WHAT YOU NEED TO DO » From the entries below, retype only the lines from the one with "Appartement S+3 à vendre à Ennaser" through the one with "Photo of property", exactly as written.

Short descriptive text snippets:
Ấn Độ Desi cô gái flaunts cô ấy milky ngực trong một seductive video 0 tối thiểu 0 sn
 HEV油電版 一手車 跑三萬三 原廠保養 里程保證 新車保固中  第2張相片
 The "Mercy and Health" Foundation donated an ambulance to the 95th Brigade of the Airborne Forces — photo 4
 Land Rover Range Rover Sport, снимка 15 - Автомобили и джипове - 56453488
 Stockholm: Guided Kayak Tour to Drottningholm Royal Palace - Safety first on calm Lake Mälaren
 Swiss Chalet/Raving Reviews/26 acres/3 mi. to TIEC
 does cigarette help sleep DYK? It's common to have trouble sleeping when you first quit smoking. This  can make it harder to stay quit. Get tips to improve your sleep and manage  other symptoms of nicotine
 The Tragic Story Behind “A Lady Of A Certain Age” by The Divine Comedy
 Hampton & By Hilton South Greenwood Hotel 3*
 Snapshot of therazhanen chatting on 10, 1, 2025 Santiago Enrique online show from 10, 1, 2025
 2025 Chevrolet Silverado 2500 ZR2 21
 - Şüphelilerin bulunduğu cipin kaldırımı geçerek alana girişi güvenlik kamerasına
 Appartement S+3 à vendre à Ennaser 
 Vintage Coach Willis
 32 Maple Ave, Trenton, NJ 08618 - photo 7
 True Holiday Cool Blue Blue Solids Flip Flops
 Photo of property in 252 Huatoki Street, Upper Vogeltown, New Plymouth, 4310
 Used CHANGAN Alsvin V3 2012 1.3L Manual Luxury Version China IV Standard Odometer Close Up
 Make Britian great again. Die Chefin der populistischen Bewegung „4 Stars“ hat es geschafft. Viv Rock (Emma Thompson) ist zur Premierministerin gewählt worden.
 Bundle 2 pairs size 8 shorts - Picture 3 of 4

EXPECTED ANSWER »
 Appartement S+3 à vendre à Ennaser 
 Vintage Coach Willis
 32 Maple Ave, Trenton, NJ 08618 - photo 7
 True Holiday Cool Blue Blue Solids Flip Flops
 Photo of property in 252 Huatoki Street, Upper Vogeltown, New Plymouth, 4310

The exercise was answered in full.